E as opiniões vieram de personalidades que mal imaginam o que é hoje a vida do docente, de pessoas que eventualmente passaram a dar umas aulas e se atrevem a dizer que daquilo também sabem, e de professores de profissão, mas que a política ou as circunstâncias fizeram esquecer a realidade das escolas e da escola portuguesa em concreto.
Porém, aqueles que têm por obrigação equacionar políticas públicas e gizar os parâmetros fundamentais da política educativa, não podiam ter andado pior. Isto, porque não é sensato acusar qualquer estrutura sindical de ter determinado desígnio político específico; não é entendível que se venha dizer que se perderam os professores, mas se ganharam os pais, que são os principais actores da educação, mas não da educação escolar; não é admissível que se dê azo, por omissão e por formulações ambíguas ou claras, a que se pense na não interrupção da actividade lectiva estrita ou num horário lectivo, em presença, de oito horas semanais. E é execrando que, para prosseguir negociações, se ouse mandar calar a outra parte interessada na tarefa dialogal.
Mas são dignas de especial reparo as considerações que o senhor Primeiro Ministro, na sua cruzada de tudo promover, teceu sobre a matéria controversa da carreira dupla e do presumivelmente inevitável futuro não acesso de todos os educadores e professores ao seu topo. Disse Sua Excelência que os professores não podem chegar todos ao cargo de director-geral, tal como os militares não alcançam todos o generalato.

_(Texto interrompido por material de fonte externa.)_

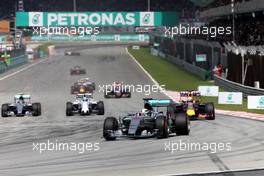 Lewis Hamilton (GBR), Mercedes AMG F1 Team  29.03.2015. Formula 1 World Championship, Rd 2, Malaysian Grand Prix, Sepang, Malaysia, Sunday.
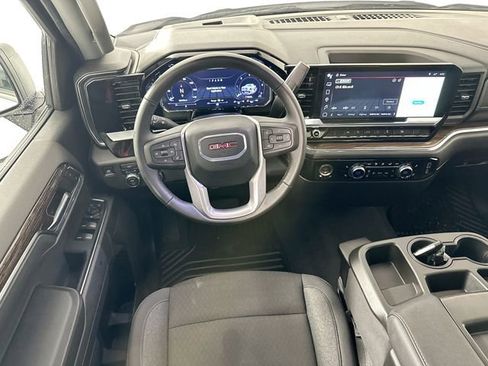 Used 2024 GMC Sierra 1500 Elevation AWD/4WD image 10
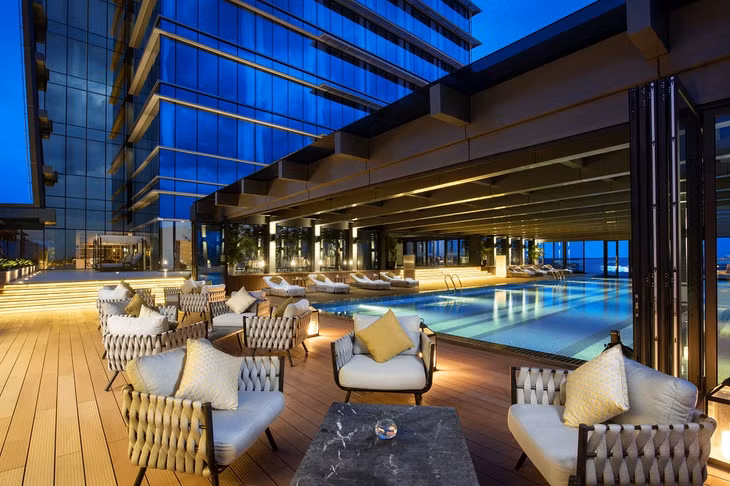 Bể bơi 4 mùa tại Vinpearl Hotel Thanh Hóa với tầm nhìn khoáng đạt toàn thành phố trên cao, cộng hưởng với sự thú vị của nhiều mực nước sẽ là một trải nghiệm lí thú khi đến với khách sạn Vinpearl Hotel Thanh Hóa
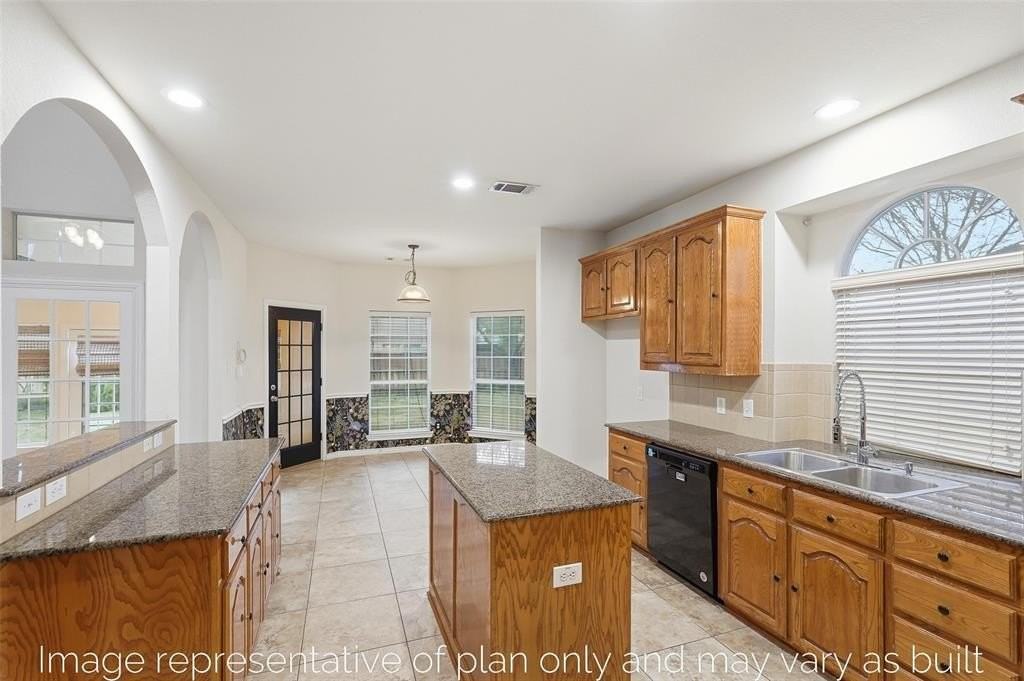 6024 Toledo St - Photo 3 of 20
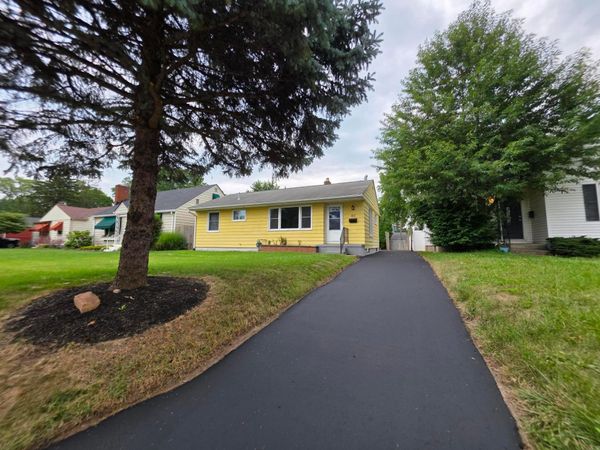 40 N Gould Road , Columbus, OH 43209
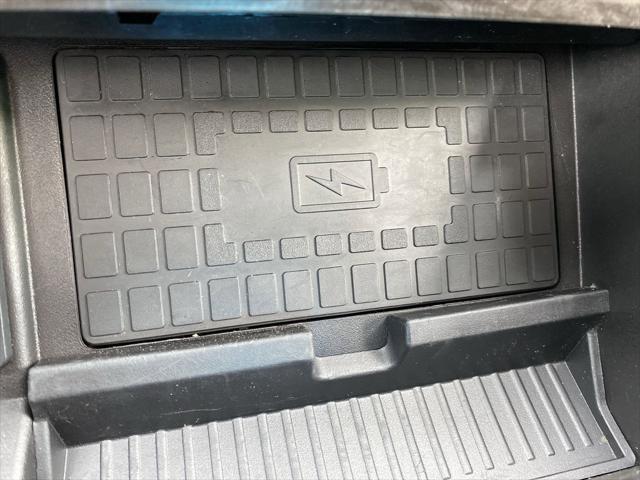 Photo of 2020 Burgundy Ford Expedition Max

Ora o equívoco não pode ser maior. Os professores pretendem legitimamente posicionar-se, a seu tempo, no topo da carreira docente. Cargos transitórios de relevo na direcção da Administração Pública não são desejados pelos professores enquanto professores; devem ser exercidos por professores ou por outros cidadãos de reconhecido mérito, preferencialmente de formação académica superior. A comparação com os militares também não colhe, porquanto estes efectivamente não chegam todos ao generalato, cujo provimento resulta geralmente de escolha política, mas o desempenho de cada um é avaliado como deve ser dentro do seu posto (com as relativas limitações ditadas pela subjectividade do acto avaliativo), independentemente das exíguas vagas que haja no posto imediatamente superior ao qual almejem ser promovidos. Contudo, aos professores ousa-se limitar as vagas de professor titular a tendencialmente um máximo de um terço dos professores dos quadros e estabelecer cotas para a atribuição das menções de muito bom e de excelente.   
Por tudo, qualquer que seja a configuração estatutária, por uma vez, atente-se na especificidade da vida e da profissão e não se façam comparações inadequadas!